The HTA is committed to ensuring access to spatial profiling data and is involved in multiple projects to establish standards and public access for multiplex data. Our efforts include creating and documenting our data analysis pipelines, developing metadata standards, making images available, and providing access to large primary datasets through Amazon Web Services (AWS) S3 buckets.
Below we describe our software pipeline, how data can be viewed online via MINERVA, and how to access primary full-resolution images.
This graphic depicts the flow of data into the Harvard Tissue Atlas (HTA). Data arise from collaborations between HTA members (green) and additional collaborators (yellow). Before depositing data into the atlases, the data goes through sequential databases, experimental methods, and interoperable software. Different roles within the workflow are numbered for clarity – note that a single person might hold multiple roles.
First, tissue samples from collaborators (Role 2) are onboarded into the LSP by a clinical research coordinator (Role 3) and data curator (Role 4). These de-identified samples are cataloged into internal LSP databases (Experiment Tracker and Reagent Tracker) and combined with a detailed plan for how the sample will be stained. The experimental team (Roles 5 and 6) then stains and images the whole slide, resulting in up to 1,000 high-magnification image tiles per slide.
A computational biologist (Role 7) extracts data from these image tiles with MCMICRO, a microscopy software pipeline developed by the LSP. The MCMICRO modules use algorithms to combine the tiles into a single high-plex mosaic image, segment the mosaic image (to isolate single cells), and extract image data (like single-cell intensity and cell morphology), which is recorded in a Spatial Cell Feature Table. Close collaboration with the project owner and pathologist (Roles 2 and 8) is required to assess the resulting data quality at various stages of analysis. Watch this video to learn more about MCMICRO.
Primary data is deposited onto online databases that allow the project team to dynamically view the data and collaborate on analyses. A data manager (Role 9) oversees access to these private data portals on Sage Synapse. At this point, project owners can add additional data types into the databases - consolidating data in one place facilitates subsequent collaboration and analysis. Watch this video to learn more about Synapse, OMERO, and related tools.
Now the scientific discovery process begins. New biological insights require both human inspection of the images and quantitative analysis of the single-cell data. This is highly collaborative (Roles 1, 2, 7, and 8) and is where the greatest innovation occurs! View two video examples of how multiplexed data come together for biological insights.
A goal of the HTA is to support data sharing. We release data to the public first through Minerva stories, which allow the project team to narrate a data-driven story and users to pan and zoom through the images manually without needing to download the data. Watch this video to learn more about Minerva. After publication, HTA data are deposited into existing public repositories or made available using public cloud storage systems.
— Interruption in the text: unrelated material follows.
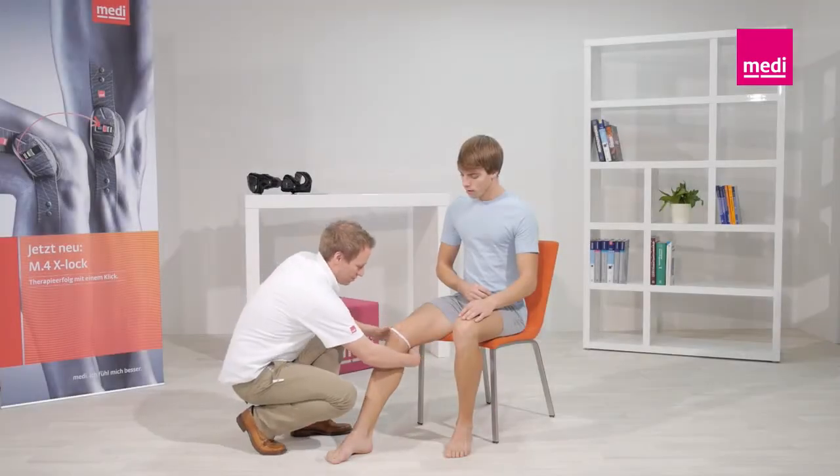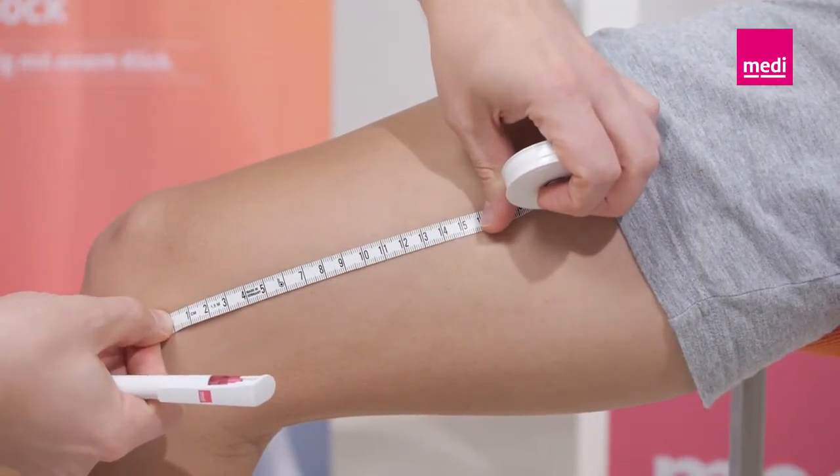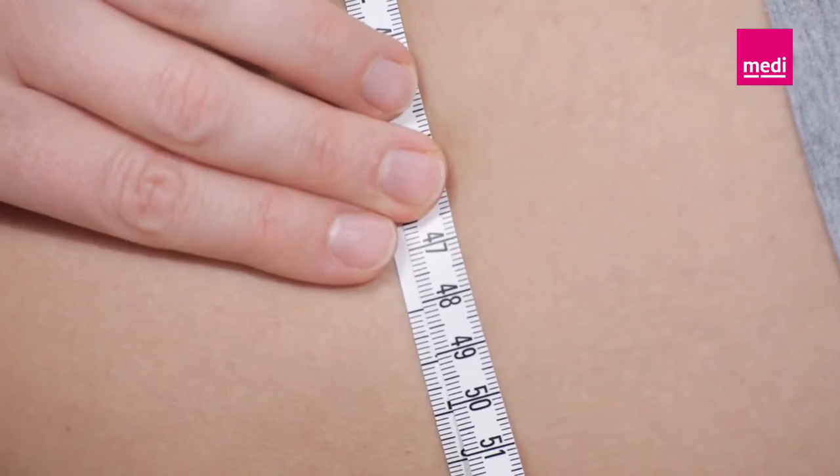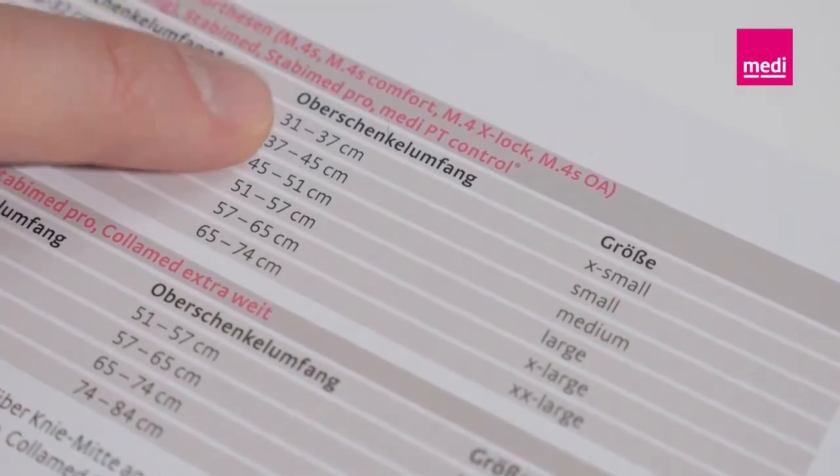To determine the right size of the orthosis, please measure the circumference of the affected leg 15 cm above the middle of the knee joint on the medial side. Then you can select the suitable product from the size chart.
VIEWING DATA ONLINE WITH MINERVA
MINERVA is a suite of software tools for visualizing, annotating and sharing large, multi-dimensional images in a browser using digital docents and narration without the need to download the data. MINERVA enables interactive viewing and efficient data annotation. It can also display other types of data visualization. MINERVA does not require the installation of any software and browsing is anonymous. Nearly all HTA data are available as one of two types of MINERVA-based visualization, described below.
Data Explorations are MINERVA stories that guide users through the complexities of a large dataset and analysis by making extensive use of narration and waypoints. We aim to develop at least one exploration per HTA publication or Atlas dataset.
Data Overviews are MINERVA stories for a single, minimally-processed (Level 2 or 3) whole slide image with no annotation or analysis. Data Overviews provide online viewing access to largely unprocessed image data; MCMICRO will soon generate data overviews automatically as a component of the pipeline.
PUBLIC ACCESS TO PRIMARY DATA
A key goal of the HTA is to provide access to primary data consistent with FAIR Principles. This remains a work in progress as we develop and implement repositories and standards for our diverse data types. As a result, not all data sets are currently available for download at this time.
All NCI Human Tumor Atlas Network data are released pre-publication via its data portal. We are still working to release datasets associated with other funding mechanisms via public repositories.
ACCESS PRIMARY IMAGE DATA
Images and metadata will be available in an AWS S3 bucket at a location specified for each paper or atlas (e.g s3://hta-melatlas-1/data/ for Nirmal et al, 2022).
To browse and download the data use either a graphical file transfer application that supports S3 such as CyberDuck, or the AWS CLI tools. A graphical tool may be more convenient but the CLI tools will likely offer higher download speeds. Email tissue-atlas(at)hms.harvard.edu if you experience issues accessing the above S3 buckets.